◆ WHAT IS BEING ASKED: Begin your transcription at the line containing "Yamaha XT 1200 Z - Offers" and continue it, word for word, to the final line below. Include only those lines and skip the pictures.

◆ SUPPLIED MATERIAL:
- - -

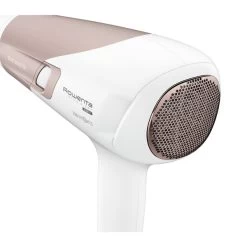 Rowenta Studio Dry Glow CV 5830, Haartrockner -Haushaltsgeräte-Highlights Rowenta Studio Dry Glow CV 5830 Haartrockner@@1878250 4
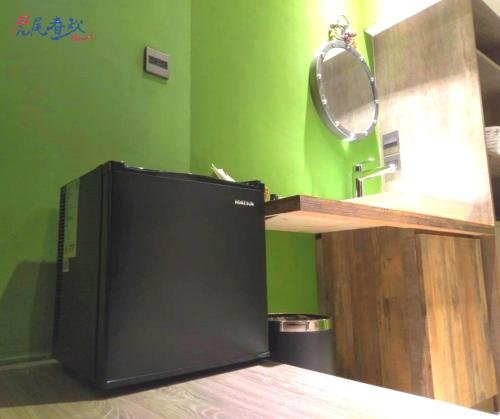 Фото Huwei Hotel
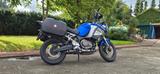 Yamaha XT 1200 Z - Offers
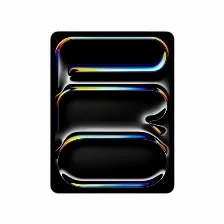 Tablet Apple Ipad Ipad Pro 13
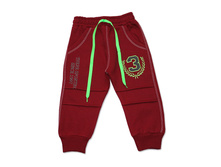 ���������� ����� ildes (����� 3 1-4 ���) - 4301-� �������� 330�.jpg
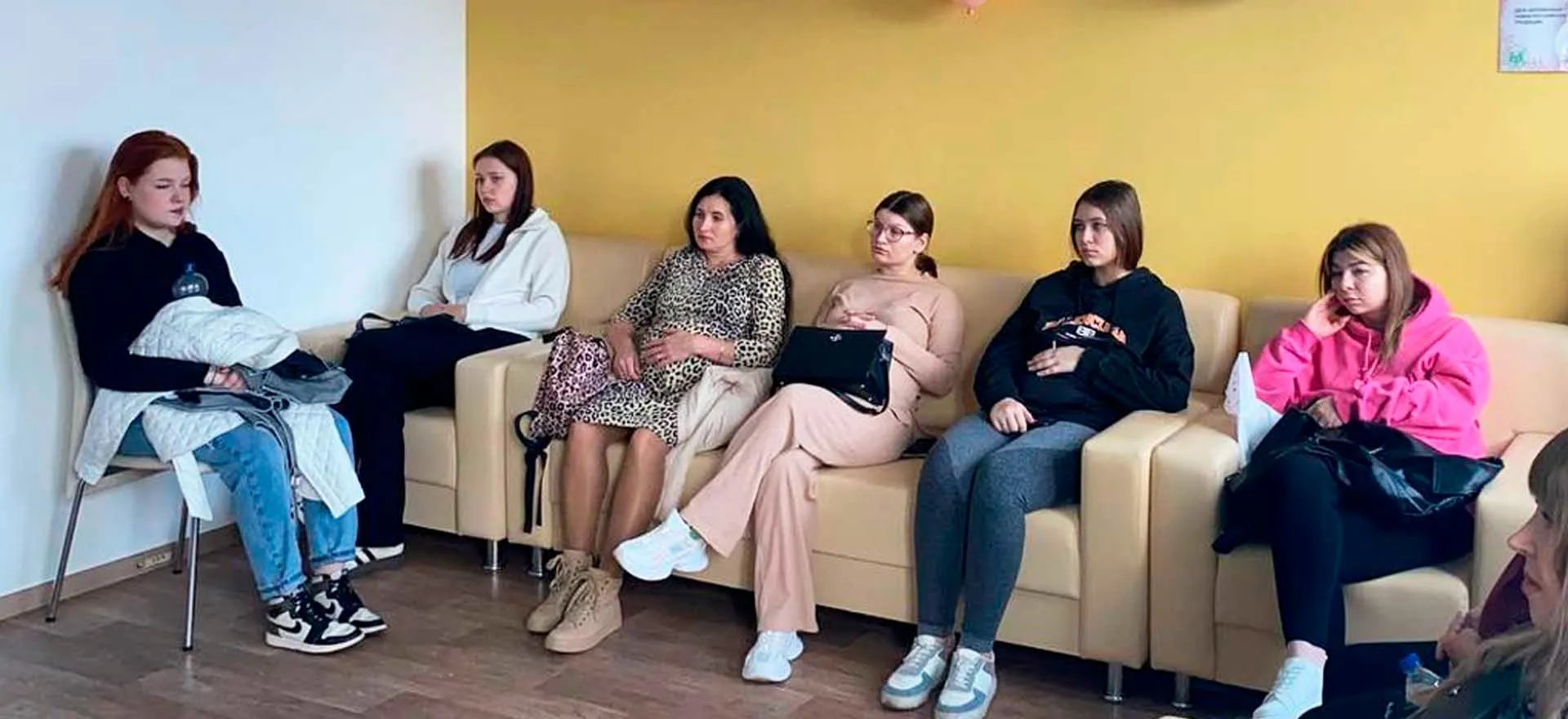 Администрация Грайворонского городского округа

- - -

◆ FINISHED EXERCISE:
 Yamaha XT 1200 Z - Offers
 Tablet Apple Ipad Ipad Pro 13
 ���������� ����� ildes (����� 3 1-4 ���) - 4301-� �������� 330�.jpg
 Администрация Грайворонского городского округа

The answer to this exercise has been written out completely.